自民党総裁選は石破さんの勝利で終わった。順当無難な結果です。

筆者は9人の候補をドングリの背比べと見ました。いずれもドングリならファシズム気質の高市さんの目もあっていいとさえ思ったりしました。

高市さん選出なら、少なくとも日本の諸悪の根源「男尊女卑」精神に一撃が加えられるからです。それは、無いよりはあったほうが確実に日本のためになるイベントです。

筆者は石破さんには多くを期待しません。彼の口癖である公正、誠実、且つ謙虚で丁寧な政治なるものが、薄っぺらなキャッチコピーに過ぎないことを知っているからです。

石破さんは2018年、故安倍さんと戦った総裁選で、47都道府県に向けたビデオメッセージを作りました。その中で「沖縄に基地が集中している理由について:

反米基地運動の拡大を恐れた日米両政府が1950年代、当時日本から切り離されていた沖縄に、山梨や岐阜にあった海兵隊司令部を含む海兵隊部隊を押し付けたからだ」と真実を語りました。

国土の1%にも満たない小さな沖縄には、日本国全体の安全保障を担う米軍基地が全体のおよそ70%以上置かれ、地元は基地被害に苦しんでいます。

それは余りにも不公平だ。
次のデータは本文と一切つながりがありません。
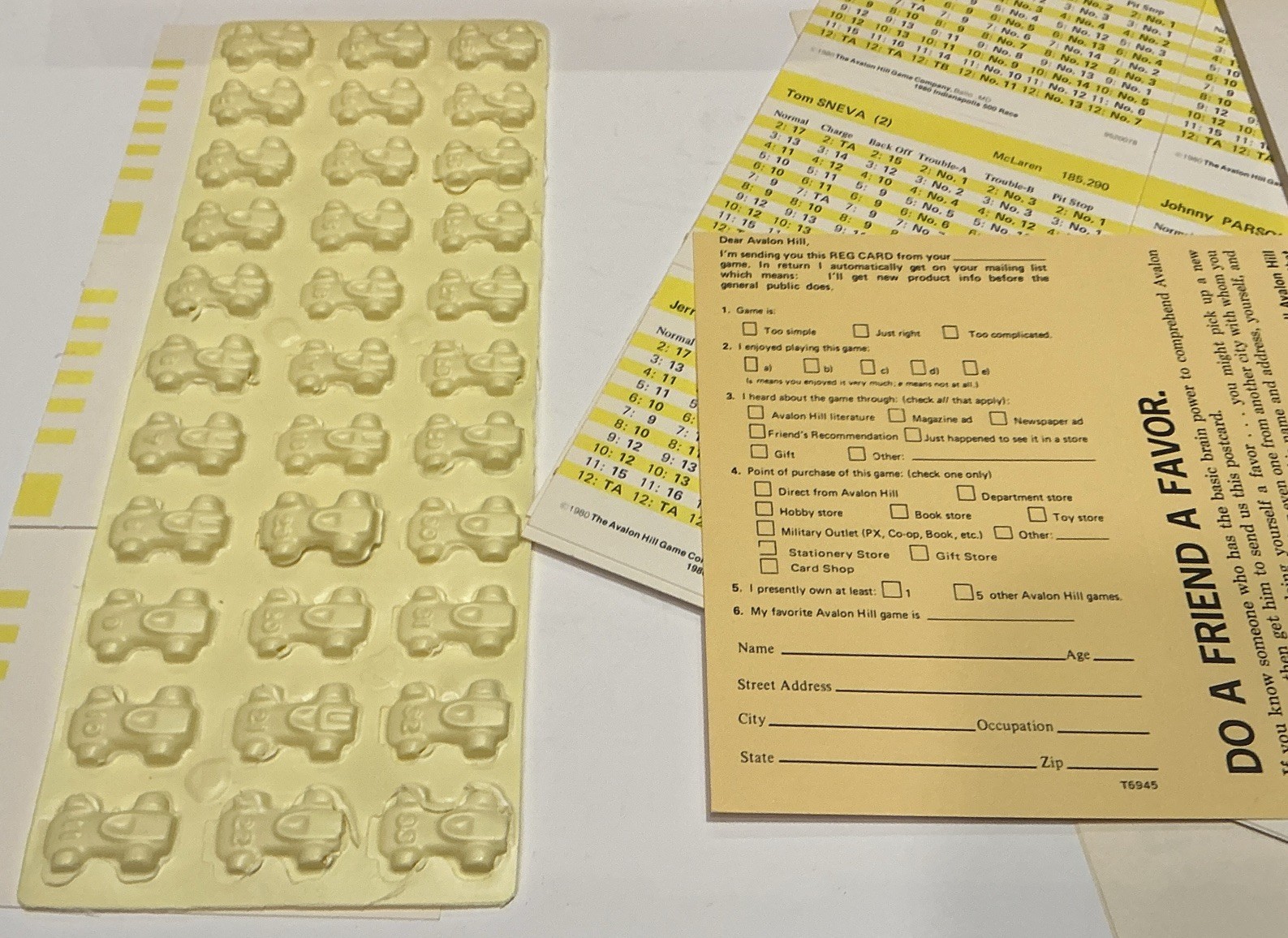 Auto Racing 1979 Avalon Hill Board Game USAC Recreate the Indy 500 Complete Game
負担を減らして欲しいという沖縄のまっとうな訴えは、安全保障の意味も民主主義の精神もあずかり知らない国民の無関心によってひたすら否定されます。

それはまたネトウヨヘイト系差別主義者らの「沖縄は補償金欲しさに基地反対を叫んでいる」という偽りの誹謗中傷まで呼んで、沖縄はいよいよ貶められ侮辱され続けています。

国民の気分を熟知している政府はそれを巧みに利用して、口先だけの基地負担軽減を言いながら、イスラエルによるガザ弾圧よろしく辺野古を蹂躙しています。

いわゆる構造的沖縄差別です。

石破さんはかつて、政府の要人として初めて沖縄の米軍基地問題の核心を語り、総裁になった暁には是正に奔走すると示唆しました。
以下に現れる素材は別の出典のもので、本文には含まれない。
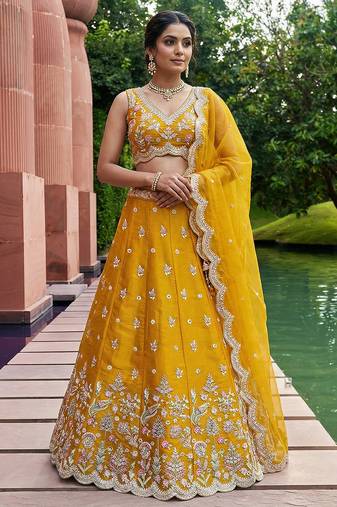 Women's Mustard Tissue Mirror sequince Embroidered Lehenga Choli with Dupatta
だが彼は、沖縄を植民地状態のまま利用しようと企む自民党内の反動的な力に負けて、卑怯「不誠実」にもそのビデオメッセージをあっさりと削除しほっかむりを決め込みました。

つまり彼の言う「公正 誠実、且つ謙虚で丁寧な政治」とは、飽くまでも多数派に向けてのスローガンであり、弱者は切り捨てても構わないという、強権指向に満ちた偽善に見えます。

一事が万事です。

今このときは、とてもそんな政治家に期待をする気にはなりません。